Data warehouses are like garages. They store all kinds of random things that are organized in a structured way. In a garage, you’re likely to have boxes of old clothing or kids’ drawings, wedding gifts, toolboxes, and all the other knick-knacks that build up over time. Unlike in a house, when these items are in the garage they’re no longer random and unstructured but rather set into an organized environment (or at least that’s the goal).

In the business world, all those unorganized knick-knacks can include customer data, payroll information, operational data, sales numbers, and much more. They all likely come from disparate sources and need to be cleaned and structured for storage in a data warehouse through an ETL process.

For years data warehouses have been the primary way of storing large amounts of cleansed data, and many companies have made large monetary investments in them. Although new technologies can often render an old one obsolete, data warehouses have retained their value, though often with the help of added tools to increase their total functionality.

Using BI to Extract Insights

If you never need to do heavy analyzation of the contents of your garage, then simply having space would be enough. But, let’s say you have a new baby on the way and you want to take an inventory of the baby clothes available in the garage to establish what new items you need to buy. What do you do? You go in, dust off the right boxes, and search them to analyze what’s inside. This is when having a system for analyzing what you’ve got, sorting through what you’re keeping and giving away, and finding the stuff you need quickly becomes important.

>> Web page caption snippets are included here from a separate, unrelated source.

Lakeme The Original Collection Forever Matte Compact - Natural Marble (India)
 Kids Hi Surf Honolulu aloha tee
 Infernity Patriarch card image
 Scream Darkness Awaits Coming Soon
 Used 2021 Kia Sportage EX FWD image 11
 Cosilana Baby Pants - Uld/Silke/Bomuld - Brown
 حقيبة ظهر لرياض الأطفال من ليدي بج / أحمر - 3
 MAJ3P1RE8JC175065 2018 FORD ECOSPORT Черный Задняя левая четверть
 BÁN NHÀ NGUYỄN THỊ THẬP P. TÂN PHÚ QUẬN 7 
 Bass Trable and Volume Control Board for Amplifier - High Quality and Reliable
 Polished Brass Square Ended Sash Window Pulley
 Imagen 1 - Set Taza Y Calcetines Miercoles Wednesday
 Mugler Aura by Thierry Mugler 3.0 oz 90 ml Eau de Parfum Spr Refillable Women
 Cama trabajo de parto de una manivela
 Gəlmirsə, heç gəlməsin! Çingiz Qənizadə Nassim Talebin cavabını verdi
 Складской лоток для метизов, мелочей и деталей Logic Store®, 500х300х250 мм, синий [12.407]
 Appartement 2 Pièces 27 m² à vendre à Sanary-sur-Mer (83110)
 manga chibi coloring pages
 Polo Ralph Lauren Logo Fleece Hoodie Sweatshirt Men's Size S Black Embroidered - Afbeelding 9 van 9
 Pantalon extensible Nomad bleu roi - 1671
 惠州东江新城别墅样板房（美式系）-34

Like the garage, a data warehouse can collect all kinds of things over ongoing periods of time. And while most people don’t require massive record keeping systems for maintaining their garages, consider the systems in place to maintain a large business: there’s likely inventory management systems, a CRM, an ERP, marketing data, financial data…the list can go on forever. A data warehouse becomes more than just a place to store all that data; it becomes the hub from which information is extracted, manipulated, and used for insights and predictive analysis.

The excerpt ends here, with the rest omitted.